U.S. Restricts Six Banks Over Mortgage Problems
Failure to comply with enforcement orders draws OCC fire
BY VICTORIA MCGRANE
WASHINGTON—The Office Comptroller of the Currency imposed restrictions on the mortgage-servicing operations of six banks, including the national bank arms of J.P. Morgan Chase & Co. and Wells Fargo & Co., for failing to fully comply with enforcement orders related to home foreclosure abuses.
The OCC said on Wednesday the six banks had not met all the requirements of consent orders issued in 2011 related to foreclosure-processing mistakes. The 2011 orders triggered a controversial probe into major U.S. banks’ foreclosure files to determine how many borrowers should be compensated and were amended in 2013 when the OCC and the Federal Reserve decided to halt the review before it was finished. The regulators ultimately reached a settlement with 15 banks related to foreclosure problems.
The national bank units of EverBank Financial Corp., HSBC Holdings PLC, Santander Holdings USA Inc. and U.S. Bancorp were also hit with additional penalties for failing to complete “required corrective actions,” the OCC said.
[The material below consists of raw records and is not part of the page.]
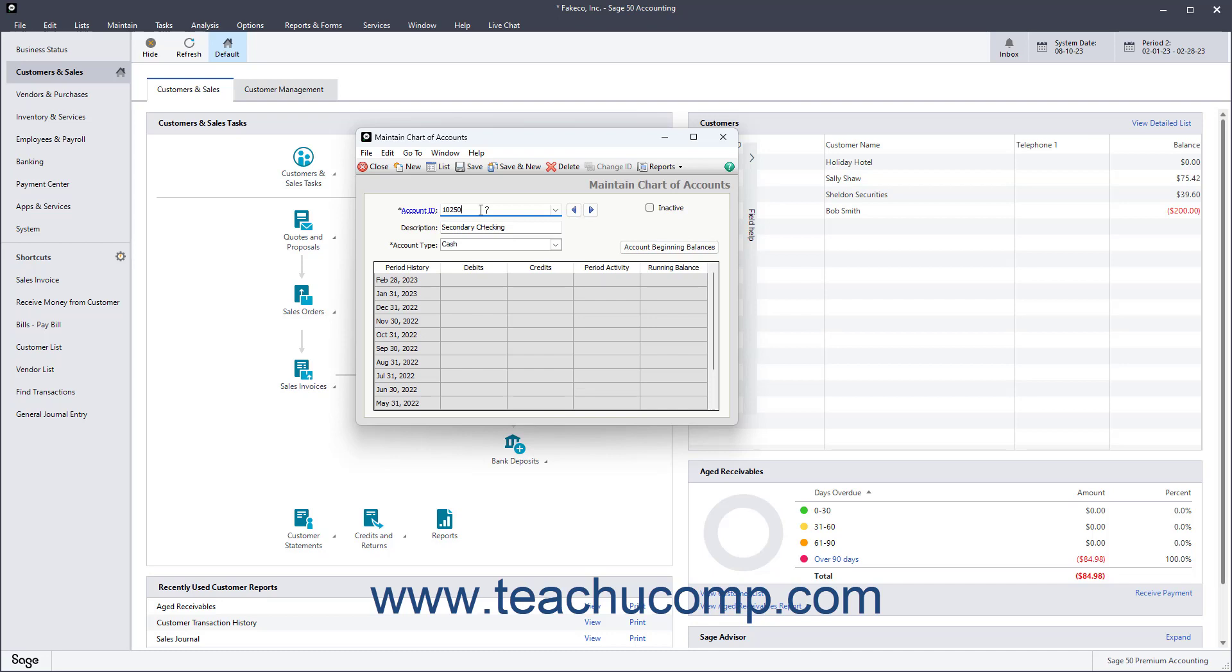This can be a helpful guide for establishing account numbers in Sage 50. In the 10,000 Account Range, you will find Cash, Accounts Receivable, and Assets. The 20,000 Account Range contains Accounts Payable and Liabilities. The 30,000 Account Range contains Equity Accounts. The 40,000 Account Range contains Income Accounts.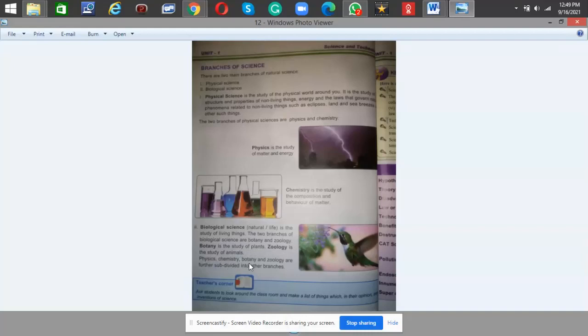Physics, chemistry, botany, and geology are further subdivided into other branches.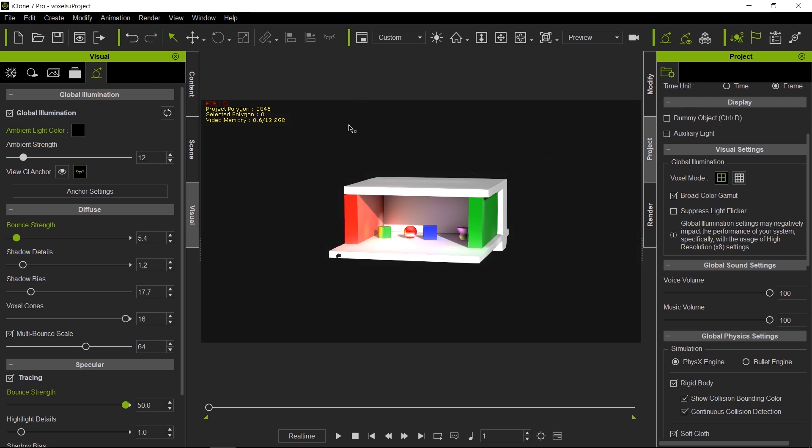So always keep track of how much memory you're using when you're using GI. This is because once you start using your system memory instead of your video memory from the video card, your performance is going to slow down very drastically. So always watch out for that and keep that in mind.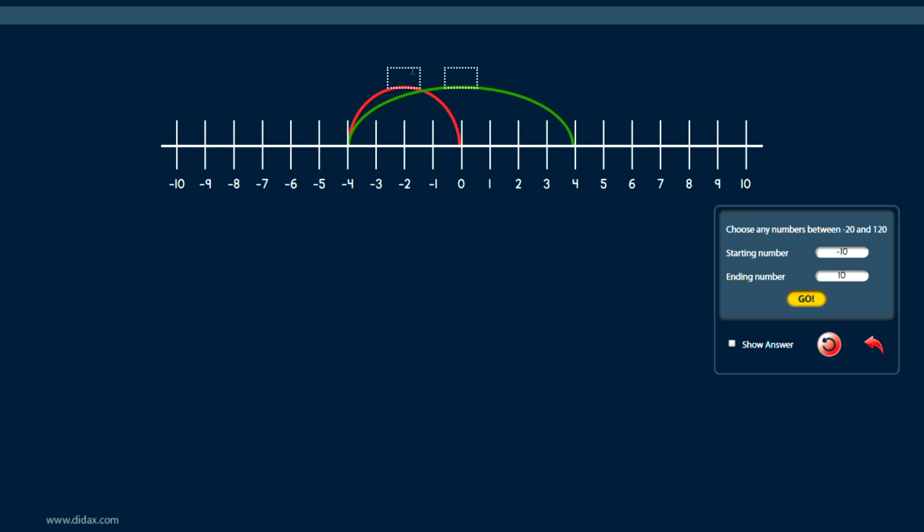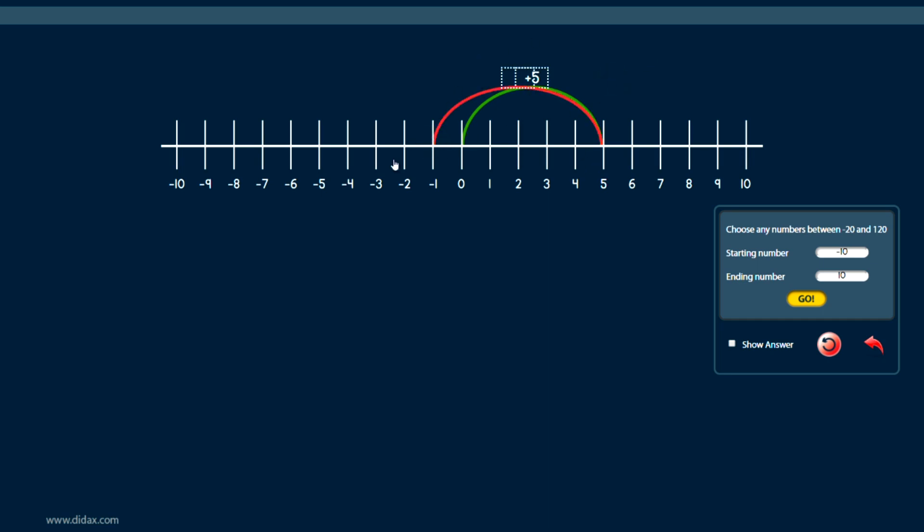If I uncheck the show answer box, it will remove those plus and minus values and give me a space where I can think about writing those in. And so from zero to five, that means I went plus five, so I can actually type that into the tool. And then back here, that would be minus six, and I could type that in as well.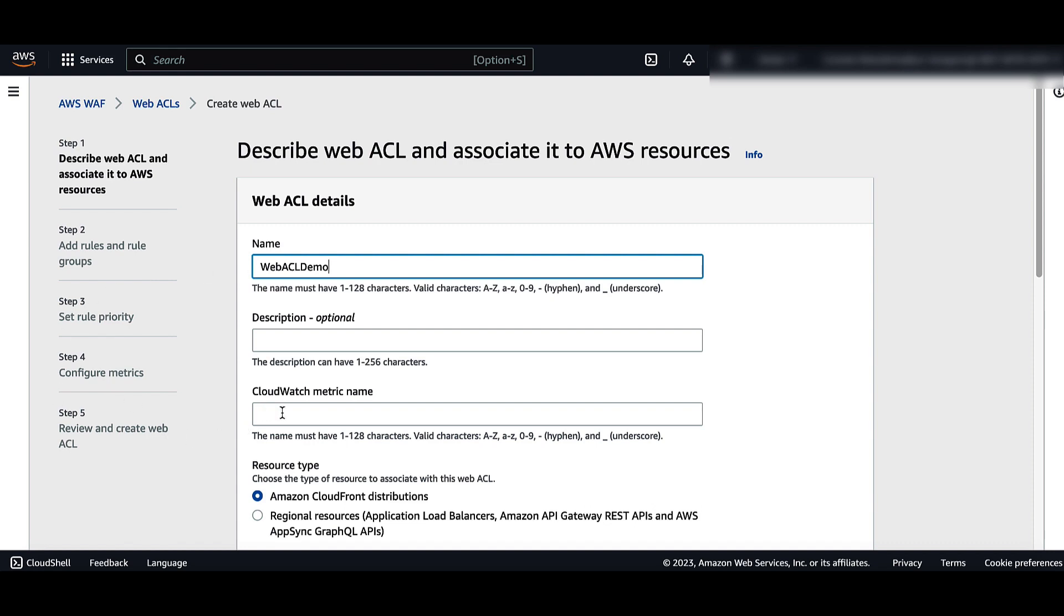Click on the CloudWatch metric name text box. The name will auto-populate.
OCC didn’t immediately indicate what corrective actions each bank had failed to complete.
The penalties on the six banks involve restrictions on their mortgage servicing operations, including limits on the banks’ ability to acquire residential mortgage servicing rights or outsource their existing mortgage servicing rights. Many banks have pulled back significantly from the mortgage-servicing industry in recent years but OCC officials said in a conference call that mortgage servicing remains a “significant activity” for each of the six banks.
“For a number of these institutions, increasing the servicing book is still a significant part of their business strategy,” said Morris Morgan,a deputy comptroller for large banks.
“We’ve made significant progress, which has earned us the highest ratings among large banks by the U.S. Department of the Treasury’s MHA Program and JD Power, and we believe we’re in a position to complete our remaining items by the end of the summer,” a J.P. Morgan spokeswoman said in an emailed statement.
HSBC and Wells Fargo face the harshest restrictions of the six. Both are flatly prohibited from increasing the size of their mortgage book by purchasing servicing rights, entering into new contracts to do servicing for other parties and offshoring additional servicing activities. The other four banks must seek supervisory approval to take such actions. OCC officials said the difference reflects both the number and severity of the outstanding problems at those two banks.
OCC officials also said that additional enforcement actions will be taken against the six at a future date related to the foreclosure and mortgage-servicing problems but just what those are will depend on how quickly they address outstanding issues.
In addition, the OCC said it was lifting consent orders against three big banks related to the foreclosure probe—the national bank units of Bank of America Corp., Citigroup Inc. and PNC Financial Services Corp.
“Regulators recognized Bank of America’s improvement in the way we operate our mortgage business to better assist customers, particularly in times of financial difficulty. We have helped more than 2 million customers avoid foreclosure and put legacy mortgage issues behind us, including products and programs inherited from Countrywide,” a spokesman said in an email.
The OCC announced it would effectively end its role in the settlement program related to the foreclosure probe at the end of the year. The regulator said it would transfer any remaining uncashed payments to the states so borrowers can collect them there. The regulator expects to have about $280 million left at the end of the year to send to the states.
The OCC said that, to date, the program has distributed more than $2.7 billion to more than 3.2 million borrowers from banks overseen by the regulator, representing more than 90% of the total funds available.